El proceso TACC (en inglés “Territorial Approach to Climate Change”) nació en la pasada cumbre de regiones de Saint Malo (2008). Su objetivo es mitigar los efectos que contribuyen al cambio climático y los que genera. También estudia las posibilidades de adaptación de las regiones a las consecuencias que ya tiene este fenómeno ambiental en todo el mundo.
“Lo que pensamos es que para mitigar y adaptarse al cambio climático debe haber una retroalimentación entre lo local y lo subnacional con lo nacional. Reconocemos que entre el 50% y el 80% de las emisiones que aumentan el efecto invernadero están en ámbitos subnacionales”, señaló Paula Caballero, representante de PNUD.

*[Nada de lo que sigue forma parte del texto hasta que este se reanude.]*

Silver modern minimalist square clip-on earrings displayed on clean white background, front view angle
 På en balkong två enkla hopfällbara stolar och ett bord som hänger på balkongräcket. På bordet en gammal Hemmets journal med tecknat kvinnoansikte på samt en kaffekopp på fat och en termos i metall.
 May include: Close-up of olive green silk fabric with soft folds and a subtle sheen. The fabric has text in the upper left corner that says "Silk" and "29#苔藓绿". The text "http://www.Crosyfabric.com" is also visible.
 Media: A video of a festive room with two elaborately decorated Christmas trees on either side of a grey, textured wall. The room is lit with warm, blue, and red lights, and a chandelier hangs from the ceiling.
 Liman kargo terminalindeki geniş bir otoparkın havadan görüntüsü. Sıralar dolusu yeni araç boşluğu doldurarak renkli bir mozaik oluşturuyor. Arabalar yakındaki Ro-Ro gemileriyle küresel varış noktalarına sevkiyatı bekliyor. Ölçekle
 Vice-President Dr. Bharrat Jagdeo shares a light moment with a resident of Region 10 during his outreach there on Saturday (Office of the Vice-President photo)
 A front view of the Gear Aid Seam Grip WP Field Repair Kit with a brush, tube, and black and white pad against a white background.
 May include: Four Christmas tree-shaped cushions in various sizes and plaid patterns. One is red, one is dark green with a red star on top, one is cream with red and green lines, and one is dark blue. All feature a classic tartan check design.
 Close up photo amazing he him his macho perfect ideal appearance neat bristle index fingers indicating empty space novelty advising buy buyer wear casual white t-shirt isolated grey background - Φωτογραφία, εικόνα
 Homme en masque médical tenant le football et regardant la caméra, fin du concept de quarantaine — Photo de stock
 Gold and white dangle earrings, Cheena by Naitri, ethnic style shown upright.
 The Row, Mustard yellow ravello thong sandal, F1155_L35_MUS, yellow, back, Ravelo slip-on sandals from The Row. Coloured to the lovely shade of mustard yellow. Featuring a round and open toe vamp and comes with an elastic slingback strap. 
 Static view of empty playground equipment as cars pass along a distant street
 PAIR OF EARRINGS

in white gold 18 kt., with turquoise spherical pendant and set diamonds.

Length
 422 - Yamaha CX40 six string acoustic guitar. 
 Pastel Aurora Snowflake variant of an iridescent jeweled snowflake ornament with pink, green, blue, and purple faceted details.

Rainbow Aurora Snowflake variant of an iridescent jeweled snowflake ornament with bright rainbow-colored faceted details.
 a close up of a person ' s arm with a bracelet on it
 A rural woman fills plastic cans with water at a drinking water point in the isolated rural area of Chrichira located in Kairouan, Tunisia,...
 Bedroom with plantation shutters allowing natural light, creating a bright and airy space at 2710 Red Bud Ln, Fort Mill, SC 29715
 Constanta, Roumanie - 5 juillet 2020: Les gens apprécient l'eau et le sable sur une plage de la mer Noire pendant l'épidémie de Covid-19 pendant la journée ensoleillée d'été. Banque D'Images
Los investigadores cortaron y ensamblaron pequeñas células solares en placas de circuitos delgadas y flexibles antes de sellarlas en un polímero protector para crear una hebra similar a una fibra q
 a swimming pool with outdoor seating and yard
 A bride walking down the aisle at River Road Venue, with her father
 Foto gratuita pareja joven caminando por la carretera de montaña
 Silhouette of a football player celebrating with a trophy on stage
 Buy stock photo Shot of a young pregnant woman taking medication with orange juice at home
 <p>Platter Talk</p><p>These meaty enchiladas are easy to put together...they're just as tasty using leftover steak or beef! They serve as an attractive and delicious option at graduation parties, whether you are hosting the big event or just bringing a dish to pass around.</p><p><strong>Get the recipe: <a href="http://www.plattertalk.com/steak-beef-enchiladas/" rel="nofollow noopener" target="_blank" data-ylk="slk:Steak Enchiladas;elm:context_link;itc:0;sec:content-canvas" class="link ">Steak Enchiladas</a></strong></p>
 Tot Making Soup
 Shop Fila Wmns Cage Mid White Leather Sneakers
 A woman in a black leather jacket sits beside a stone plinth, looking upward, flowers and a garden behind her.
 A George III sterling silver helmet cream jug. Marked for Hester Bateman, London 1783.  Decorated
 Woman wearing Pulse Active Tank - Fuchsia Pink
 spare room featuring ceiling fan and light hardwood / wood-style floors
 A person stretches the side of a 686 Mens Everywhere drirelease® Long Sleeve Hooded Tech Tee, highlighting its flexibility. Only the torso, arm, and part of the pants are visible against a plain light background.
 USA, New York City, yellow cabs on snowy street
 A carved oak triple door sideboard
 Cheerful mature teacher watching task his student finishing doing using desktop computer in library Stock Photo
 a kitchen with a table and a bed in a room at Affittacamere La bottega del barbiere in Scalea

El TACC, un proceso en el que Uruguay es pionero, ya que aquí se está desarrollando el primer plan piloto, opera en base a dos procesos: el de sensibilización y el de desarrollo de planes territoriales que, según Caballero, es participativo e incluye a todos los niveles de la sociedad y ayudará a cambiar el paradigma del contraataque al cambio climático a nivel global, señaló Caballero.
Uno de los aspectos clave que tiene el TACC es la posibilidad de realizar diagnósticos y perfiles climáticos que permitirán tomar medidas con varios años de anticipación.
Estos perfiles se realizan gracias a los recursos de información que provean cada una de las áreas (en este caso, cada departamento) y son apoyados por recursos científicos y de conocimiento que aporta el PNUD, como por ejemplo el centro de imágenes satelitales, soporte técnico y capacitación ClimSAT, ubicado en Francia.
Lo que se intenta es la proyección de escenarios posibles a 50 y 100 años para prever las consecuencias del cambio climático según las acciones que se desarrollen. Hay escenarios de temperatura, vientos y precipitaciones en modo “business as usual” -es decir, sin asistencia- y otros realizados en función de las ayudas que se puedan recibir para estas políticas.
Una vez definidos los problemas a resolver, el PNUD también asiste en la selección de proyectos, políticas de inversión y el acceso al dinero para financiar estas políticas.
Entre unas 10 y 50 regiones similares a la cuenca comprendida por Montevideo, San José y Canelones serán apoyadas por Naciones Unidas. El piloto estrenado en Uruguay recién está comenzando a implementarse en países como Albania, Argelia, Colombia, Etiopía, Perú, Senegal y Uganda.
En la región ya se están realizando la recolección de datos de problemáticas como la vulnerabilidad de los recursos hídricos y ecosistemas, la seguridad alimentaria, exposición de zonas costeras, productores afectados y la emisión de gases, que tienen en esta cuenca una intensidad muy superior a la del resto del país.